## Work to complete
Look through the data below for the line with "Kruidvat Guess geuren aanbieding" and the line with "Candy Cane Lane", then output those two and all lines in between, exactly as written.

## Supplied data
....................
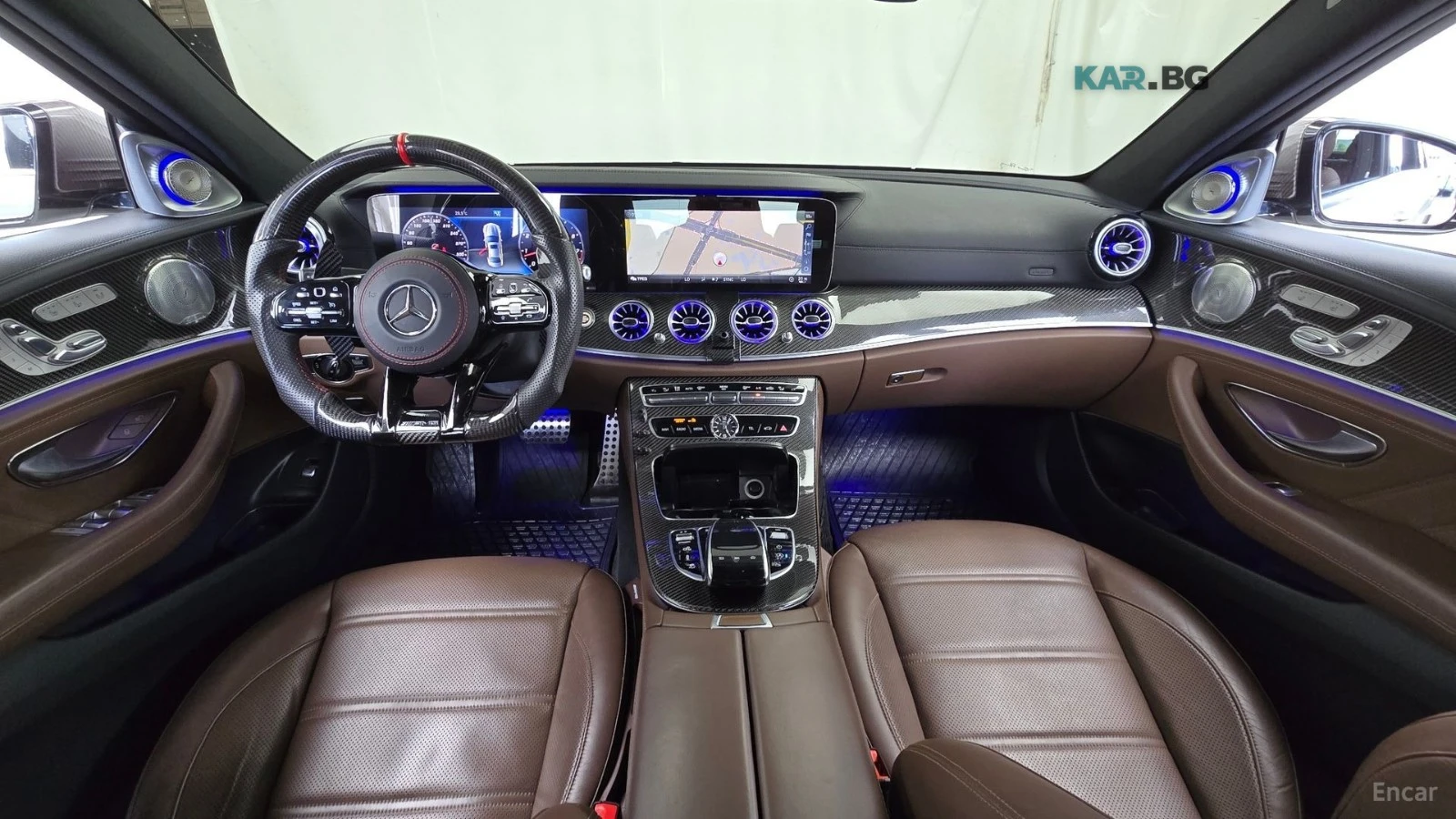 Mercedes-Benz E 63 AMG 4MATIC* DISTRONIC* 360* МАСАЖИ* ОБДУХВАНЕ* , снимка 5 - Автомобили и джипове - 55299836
....................
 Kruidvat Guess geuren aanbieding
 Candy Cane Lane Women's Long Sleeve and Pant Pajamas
....................
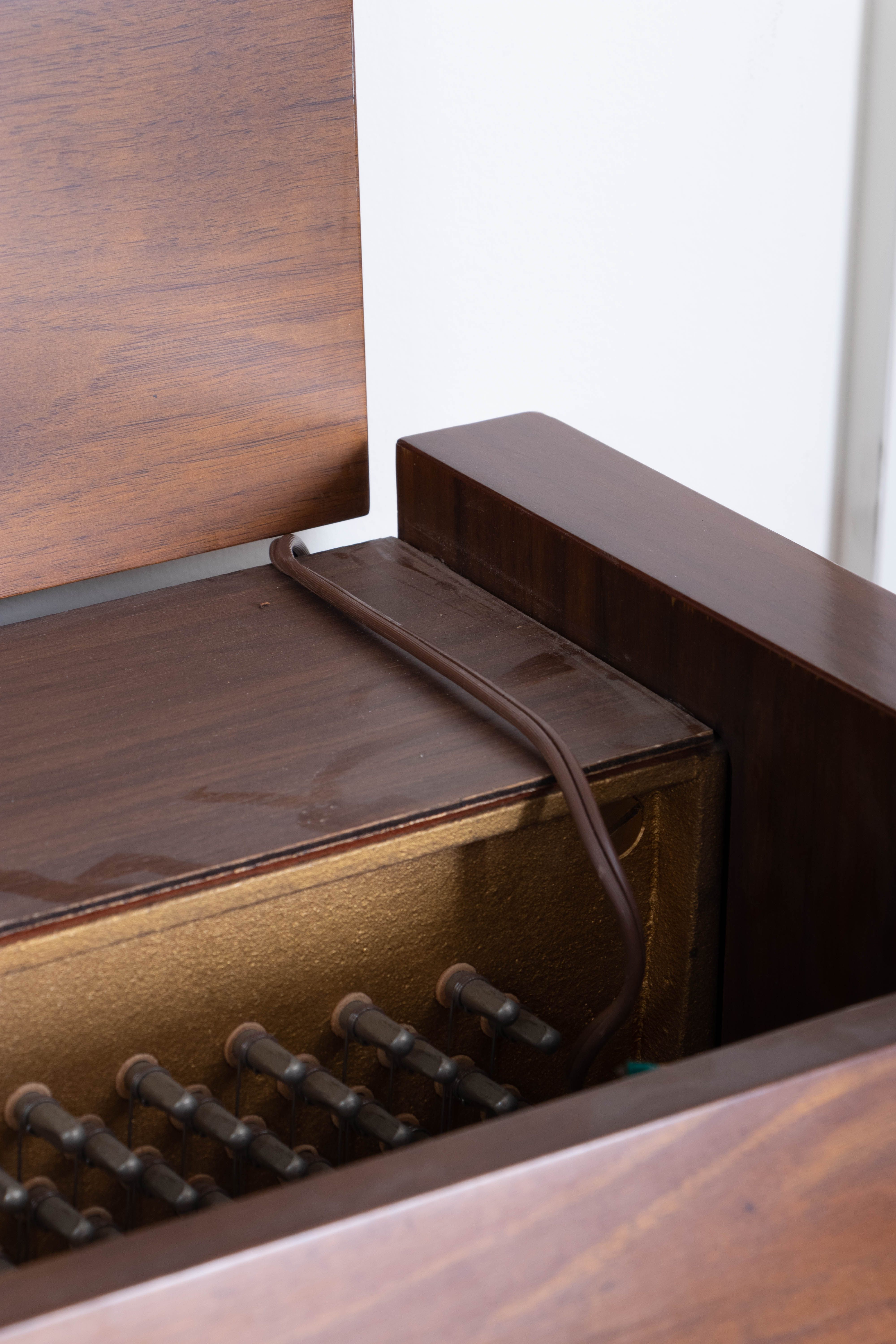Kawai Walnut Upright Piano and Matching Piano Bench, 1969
....................
## Answer to this exercise
 Kruidvat Guess geuren aanbieding
 Candy Cane Lane Women's Long Sleeve and Pant Pajamas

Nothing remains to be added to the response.